• _ABOUT THIS TASK_: Leave the images aside and repeat the whole listing exactly.

┌─ SUPPLIED INFORMATION

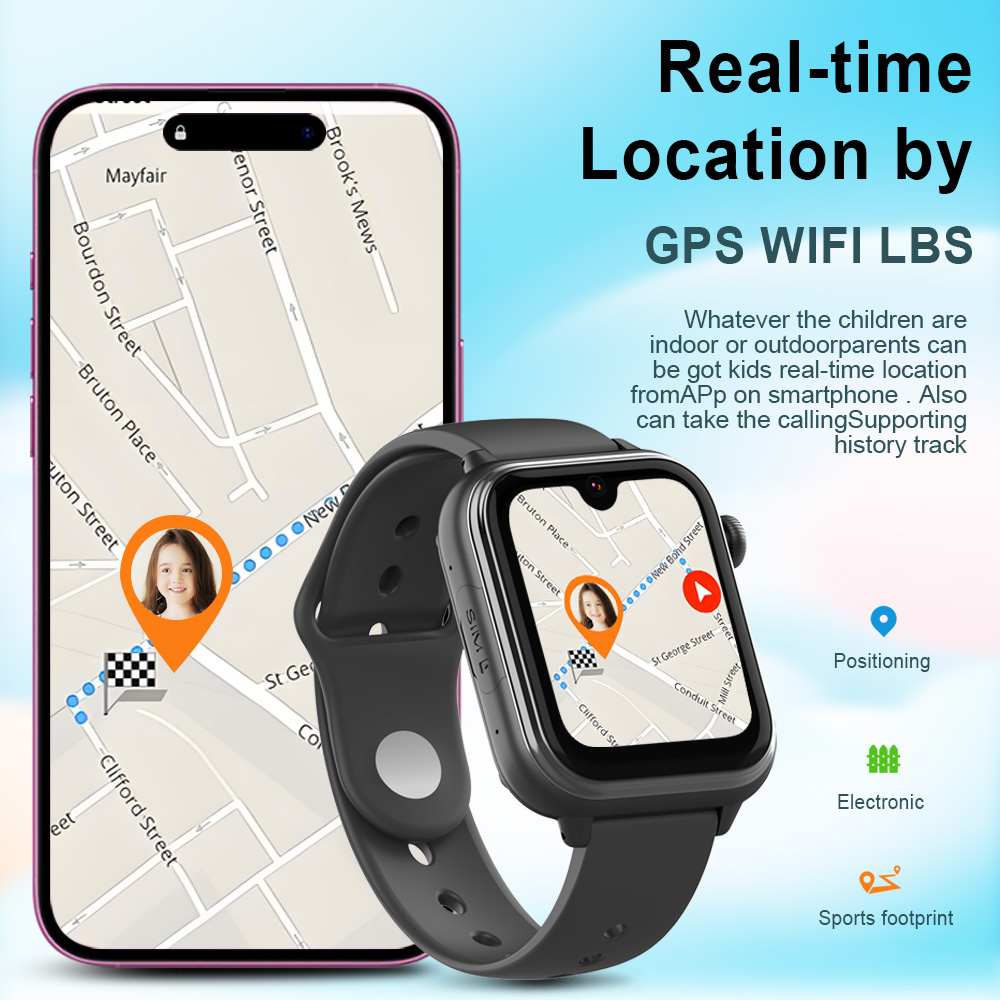 Wonlex KT37 GPS Smart Watch Ki - Smartwatch Watches For Children recensie en prijs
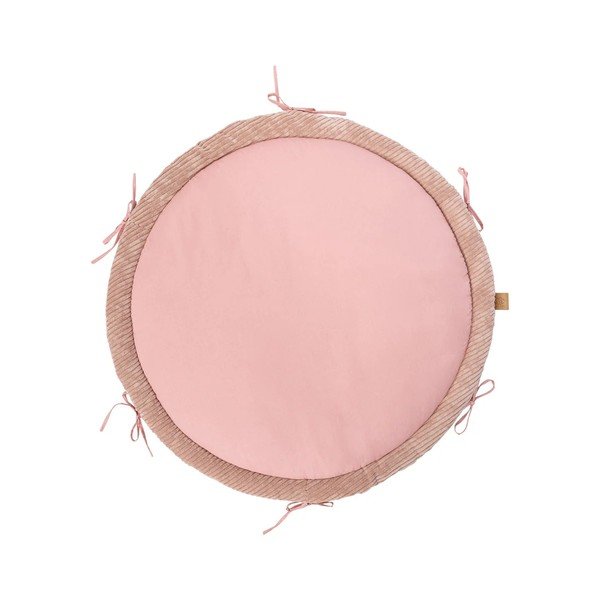 Rózsaszín babafészek 100x100 cm – Meowbaby-image-2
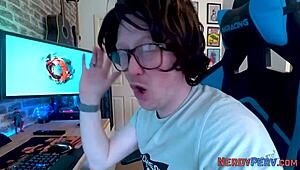 a shy newbie got her first taste from a leeds nerd in a wild session.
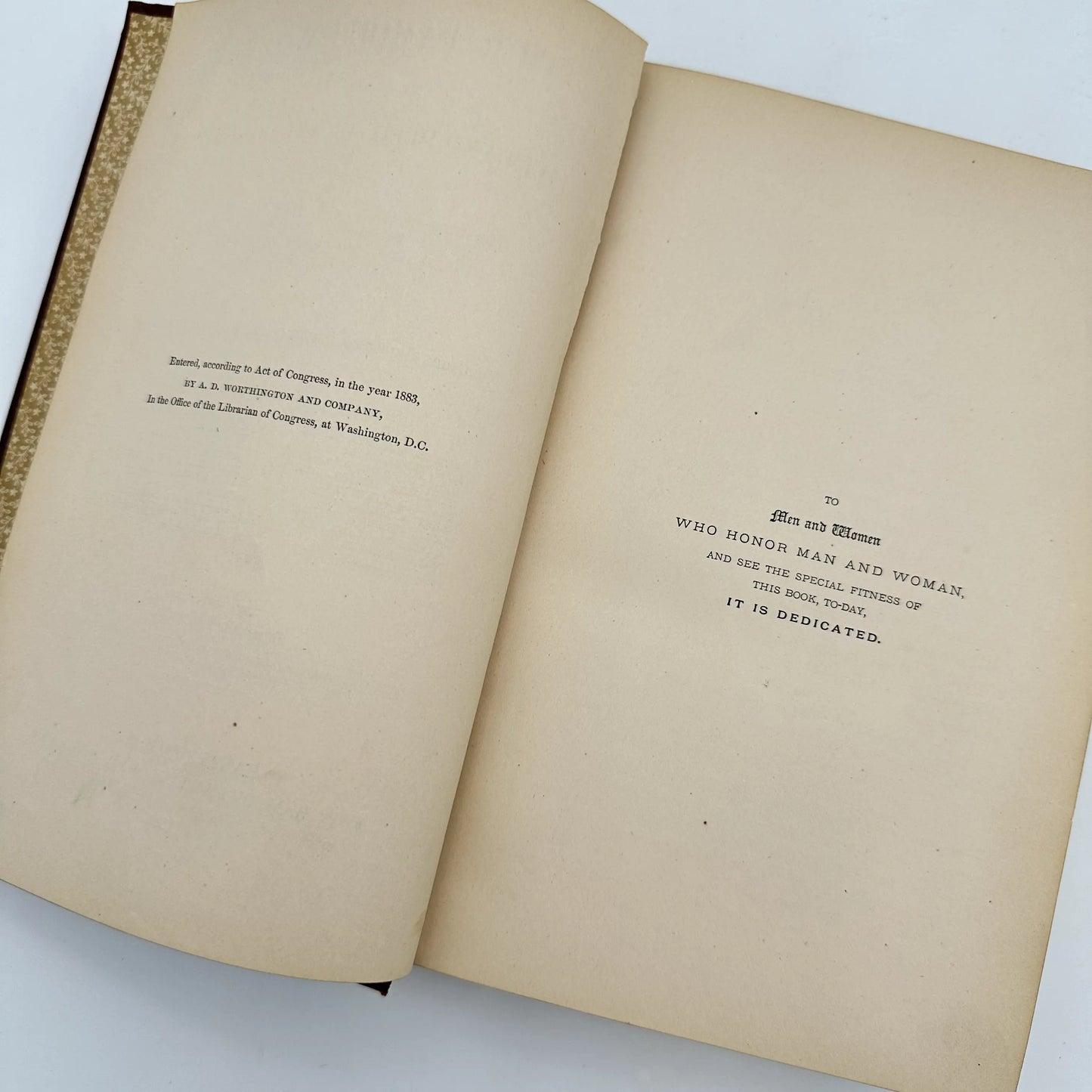 1883 "Our Famous Women: comprising the lives and deeds of American women" — Illustrated book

└─

• _YOUR RESPONSE_:
 Wonlex KT37 GPS Smart Watch Ki - Smartwatch Watches For Children recensie en prijs
 Rózsaszín babafészek 100x100 cm – Meowbaby-image-2
 a shy newbie got her first taste from a leeds nerd in a wild session.
 1883 "Our Famous Women: comprising the lives and deeds of American women" — Illustrated book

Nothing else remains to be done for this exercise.